• [RECORDS FOR THE EXERCISE]:
'''
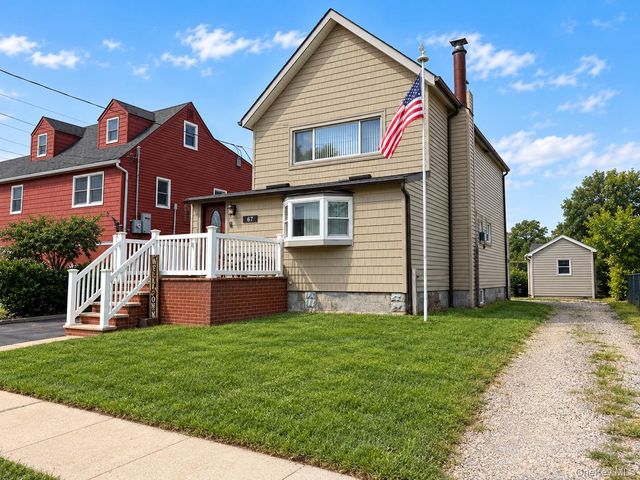61 5th Avenue, East Rockaway, NY 11518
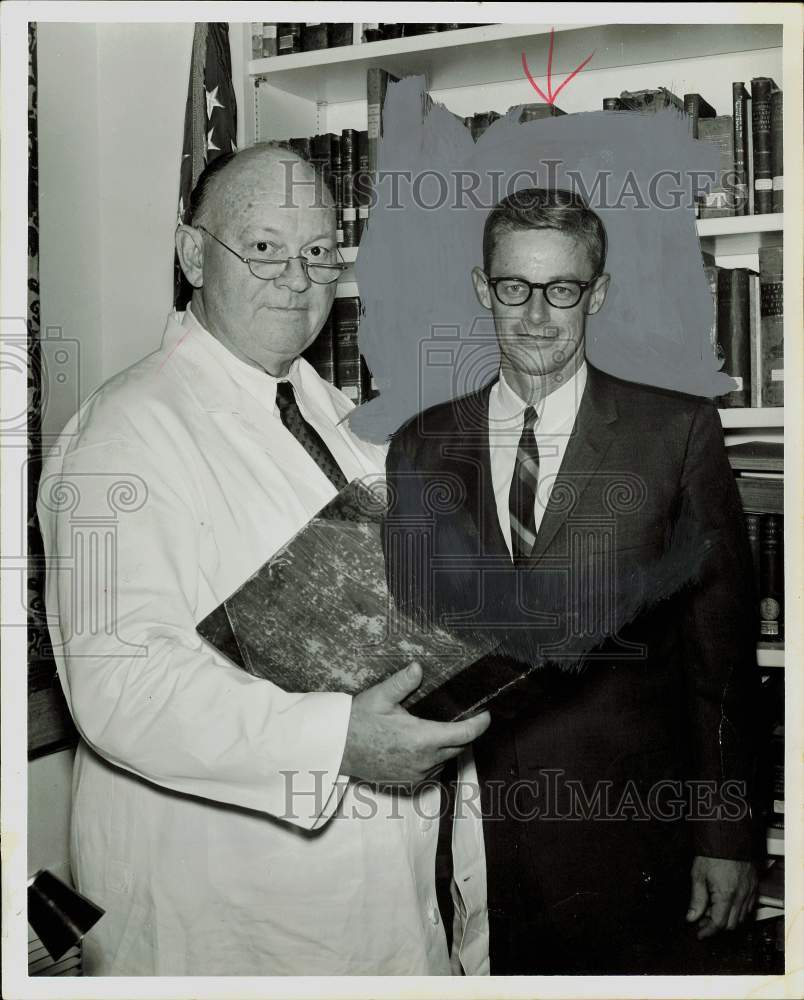 1967 Press Photo Drs. Charles Le Maistre and Truman Blocker of University of TX- Historic Images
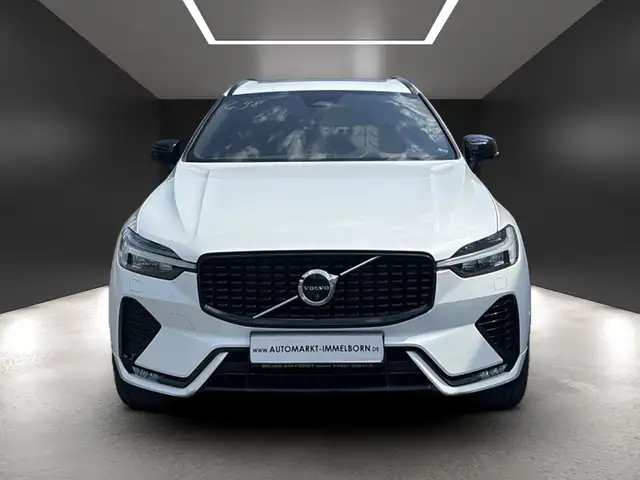 Volvo XC60 view 8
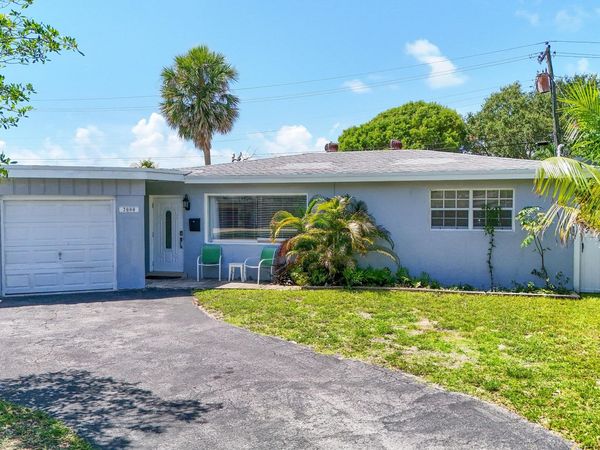 2000 NE 62nd Street, Fort Lauderdale, FL 33308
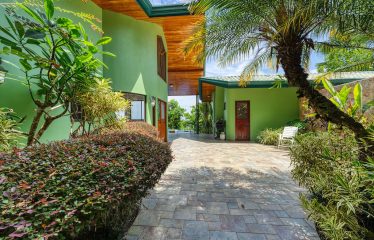 HOME  AND APARTMENT WITH AMAZING OCEAN VIEWS IN ESCALERAS – 1.47 ACRES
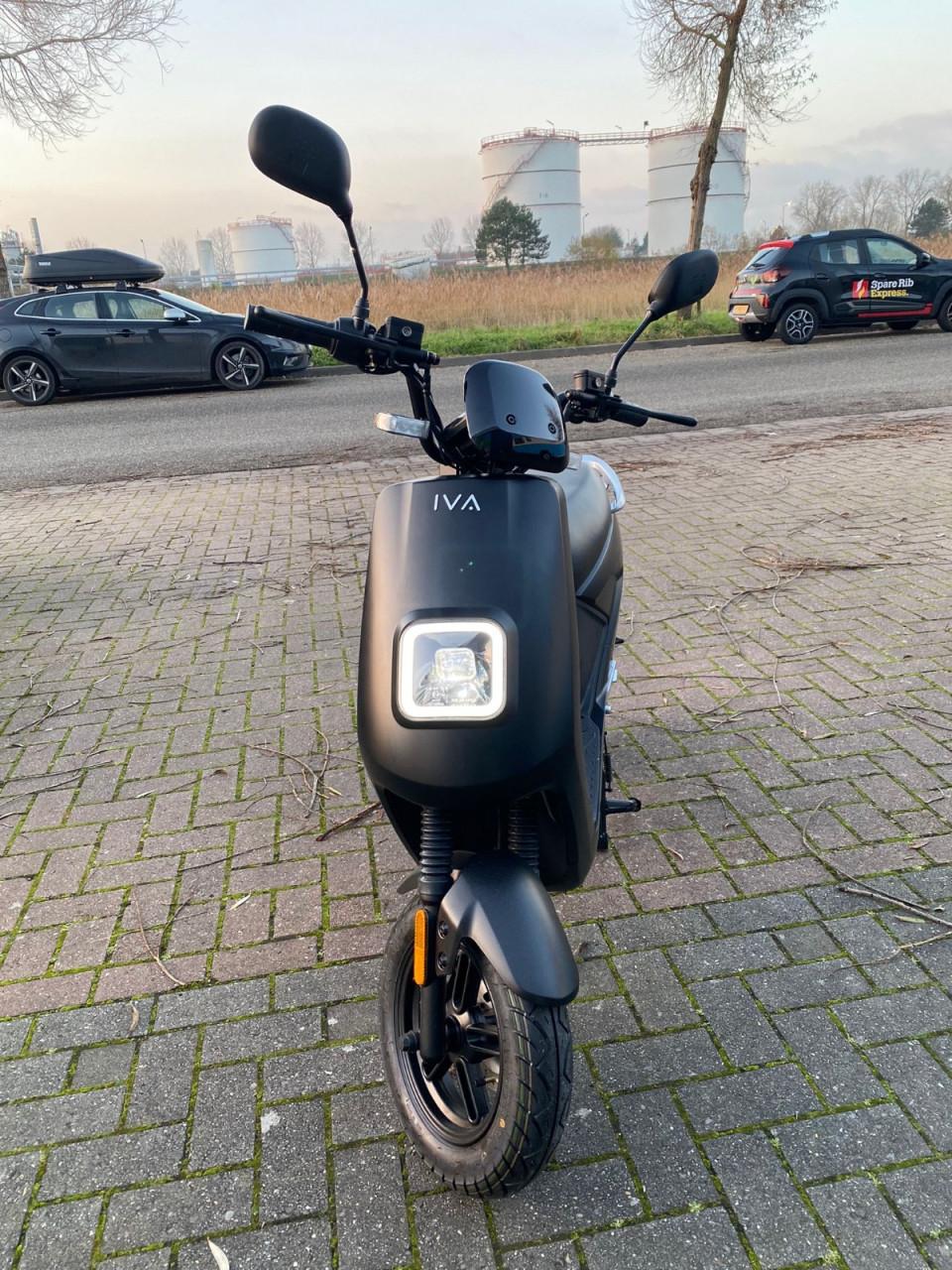 IVA E-Go snorscooter - Zo goed als nieuw, slechts 3 km!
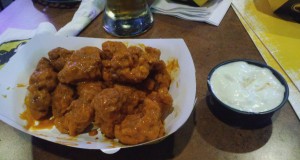 Buffalo Wild Wings Grill & Bar Review – August 14, 2013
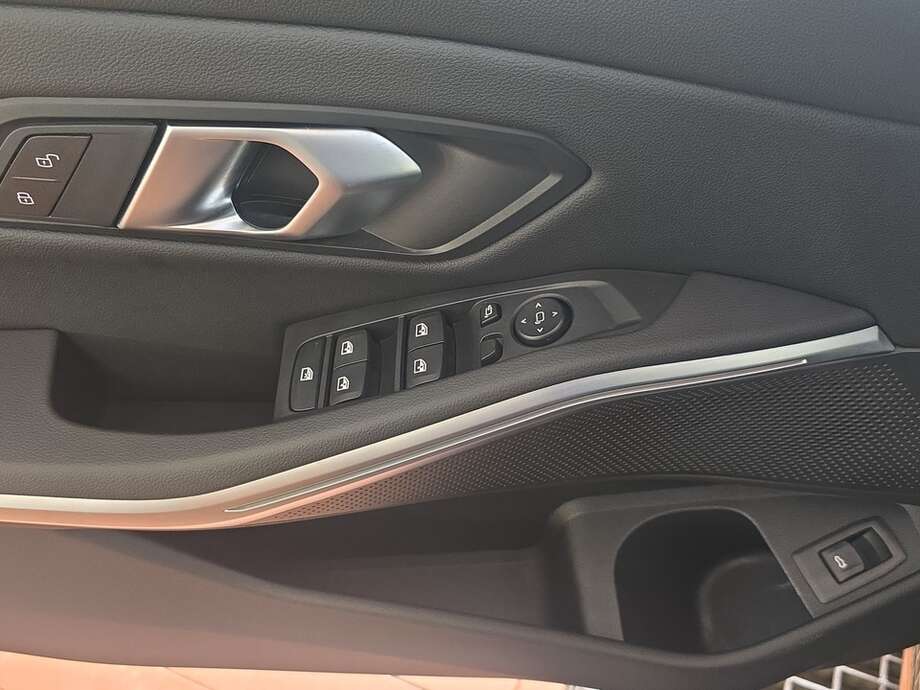 BMW 318d (Bild 16/18)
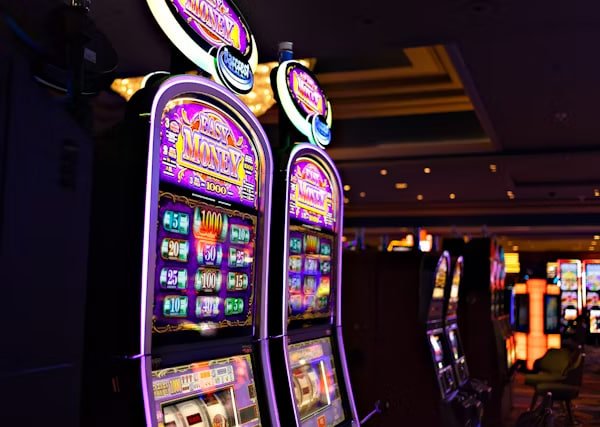 9gld Casino live dealer table games on mobile screen Philippines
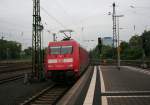 101 032-1 schiebt den IC 2385 nach Karlsruhe am 31.05.13 aus Darmstadt Hbf.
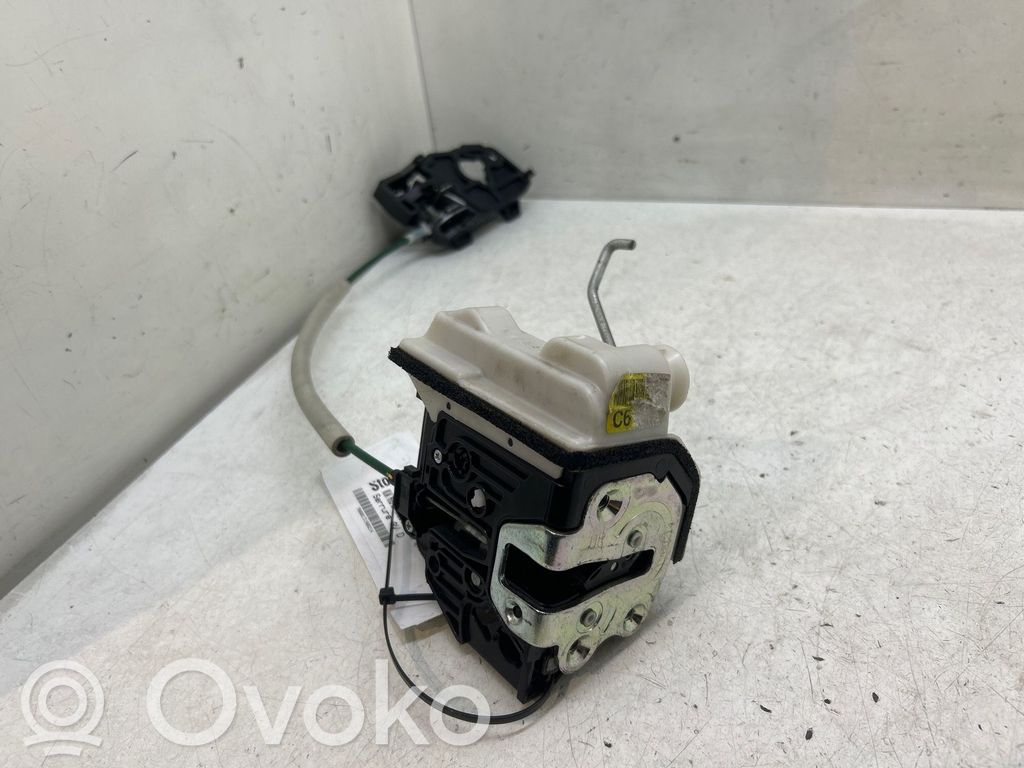 KIA Rio Cerradura de puerta delantera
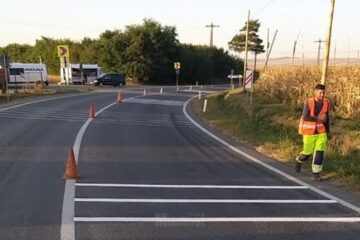 Așa arată trecerea la nivel modernizată de la Dumbrăveni, scopul principal fiind reducerea riscului de accidente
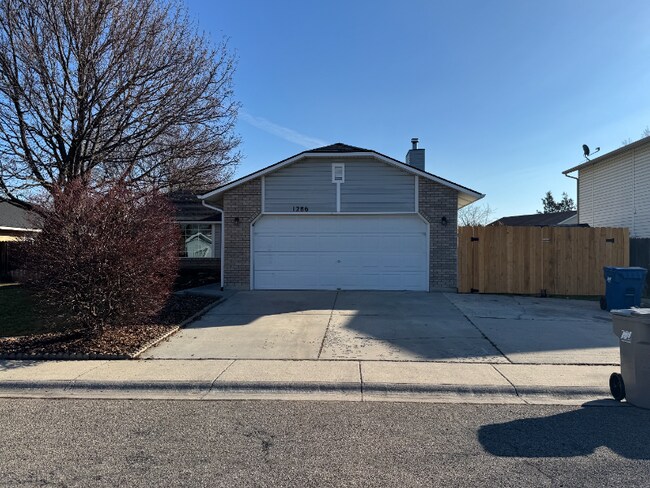 Foto del edificio - 1286 N Aster Pl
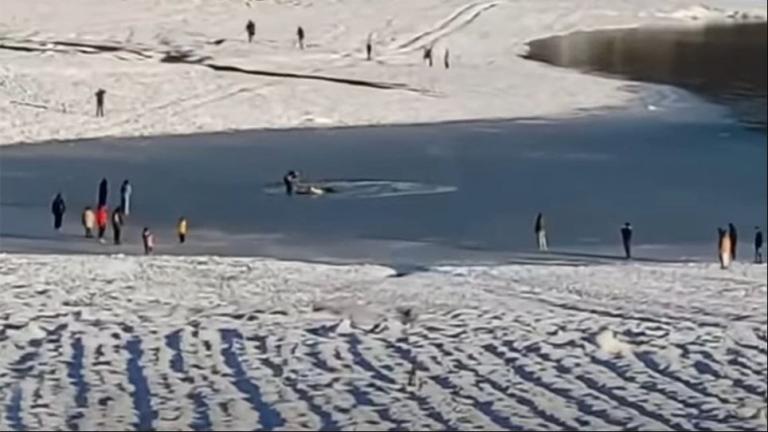 Επικίνδυνοι περίπατοι πάνω στον πάγο της λίμνης Πλαστήρα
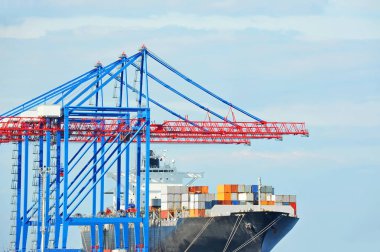 Bağlantı noktası kargo vinç, gemi ve konteyner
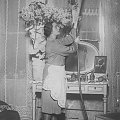 Maria Gorczyńska, aktorka Teatru Letniego, zdjęcie w mieszkaniu aktorki_1927 r.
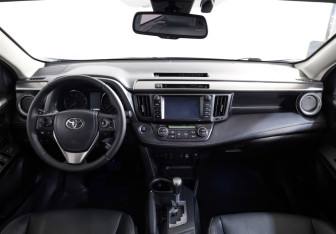 Подержанный автомобиль Toyota RAV4 2017 года (10 фото)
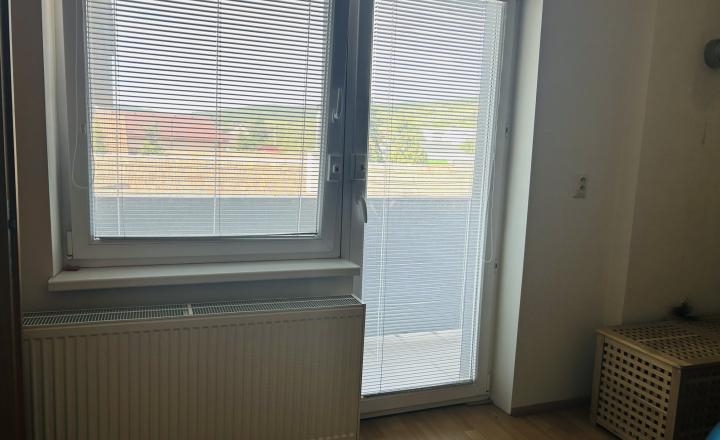 HOMreal.sk / Na predaj! Priestranný rodinný dom po kompletnej rekonštrukcii v obci Doľany, okres Pezinok - fotografia 6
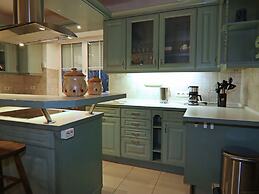 Geraumige Villa Solitude in Wendorf im Bernstein Resort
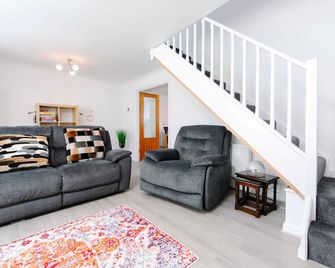 Ty Collective - Near Town Centre - Merthyr Tydfil - Living room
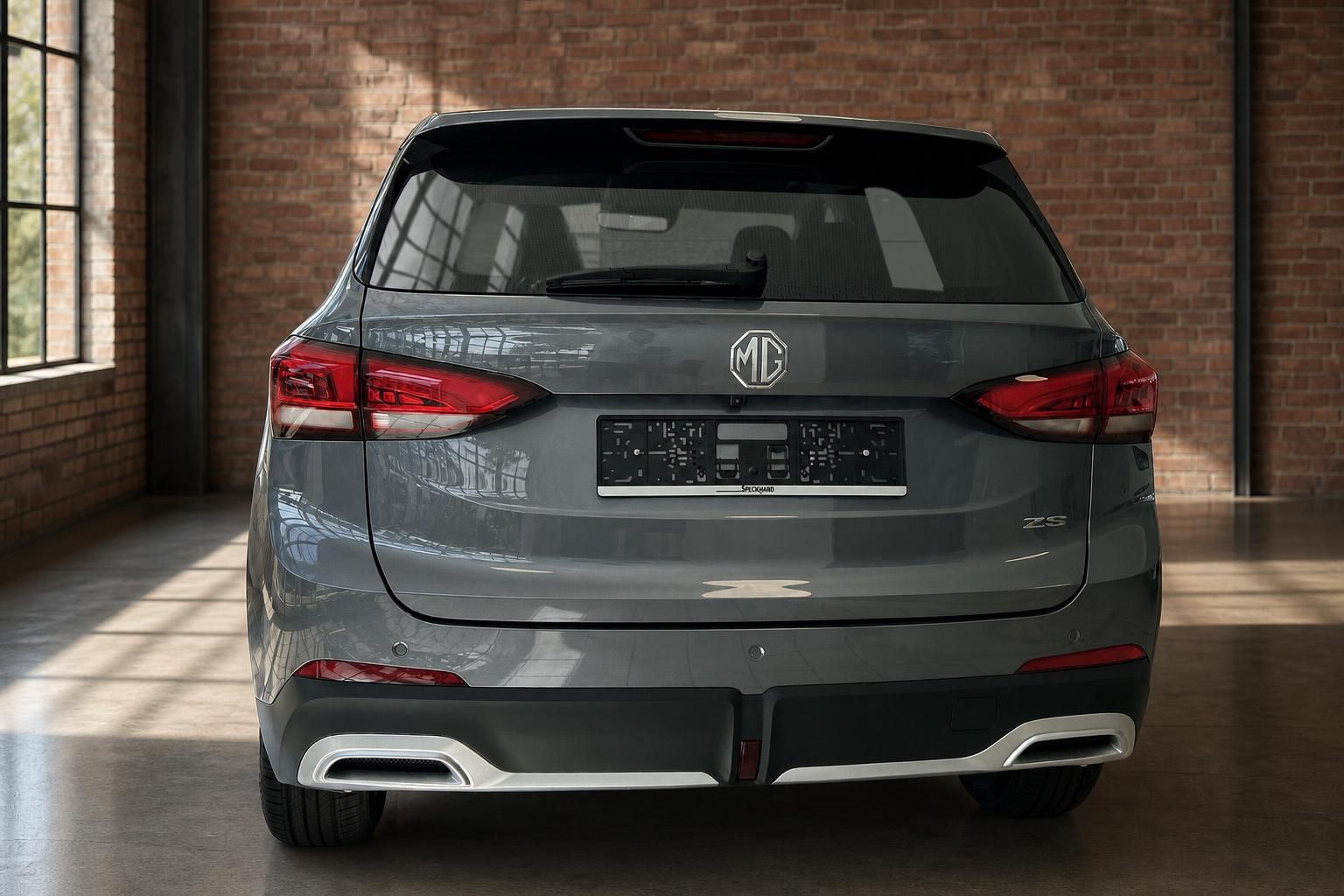 MG ZS SUV grau direkte Heckansicht mit Kennzeichen und Rückleuchten im Showroom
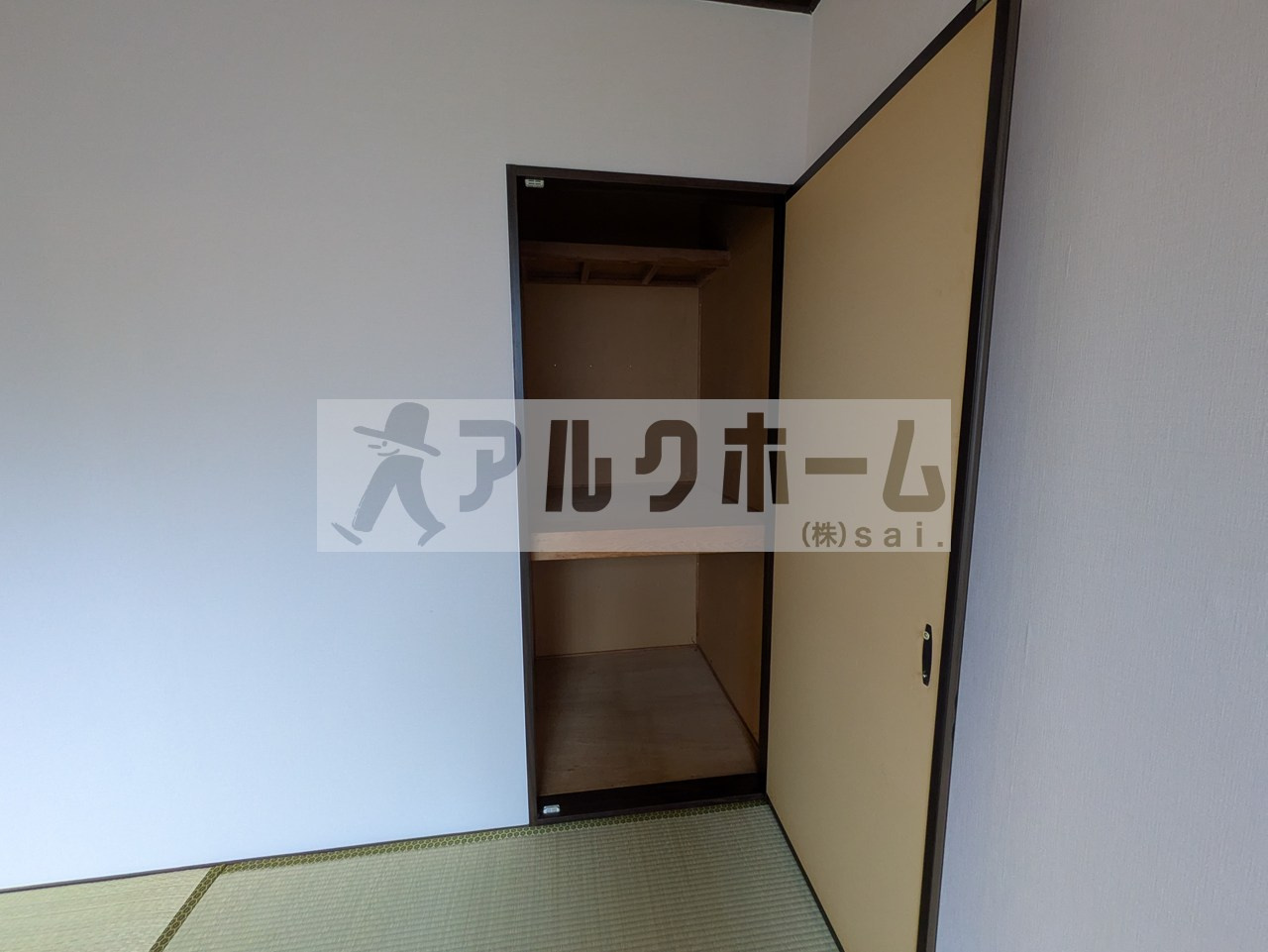 柏原市国分本町３丁目のアパートの収納|本町ガーデンハイツ　和室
'''
• [PROBLEM TO WORK ON]: Write out the material above again, word for word, minus its pictures.

• [SOLUTION FOR THIS PROBLEM]:
61 5th Avenue, East Rockaway, NY 11518
 1967 Press Photo Drs. Charles Le Maistre and Truman Blocker of University of TX- Historic Images
 Volvo XC60 view 8
 2000 NE 62nd Street, Fort Lauderdale, FL 33308
 HOME  AND APARTMENT WITH AMAZING OCEAN VIEWS IN ESCALERAS – 1.47 ACRES
 IVA E-Go snorscooter - Zo goed als nieuw, slechts 3 km!
 Buffalo Wild Wings Grill & Bar Review – August 14, 2013
 BMW 318d (Bild 16/18)
 9gld Casino live dealer table games on mobile screen Philippines
 101 032-1 schiebt den IC 2385 nach Karlsruhe am 31.05.13 aus Darmstadt Hbf.
 KIA Rio Cerradura de puerta delantera
 Așa arată trecerea la nivel modernizată de la Dumbrăveni, scopul principal fiind reducerea riscului de accidente
 Foto del edificio - 1286 N Aster Pl
 Επικίνδυνοι περίπατοι πάνω στον πάγο της λίμνης Πλαστήρα
 Bağlantı noktası kargo vinç, gemi ve konteyner
 Maria Gorczyńska, aktorka Teatru Letniego, zdjęcie w mieszkaniu aktorki_1927 r.
 Подержанный автомобиль Toyota RAV4 2017 года (10 фото)
 HOMreal.sk / Na predaj! Priestranný rodinný dom po kompletnej rekonštrukcii v obci Doľany, okres Pezinok - fotografia 6
 Geraumige Villa Solitude in Wendorf im Bernstein Resort
 Ty Collective - Near Town Centre - Merthyr Tydfil - Living room
 MG ZS SUV grau direkte Heckansicht mit Kennzeichen und Rückleuchten im Showroom
 柏原市国分本町３丁目のアパートの収納|本町ガーデンハイツ　和室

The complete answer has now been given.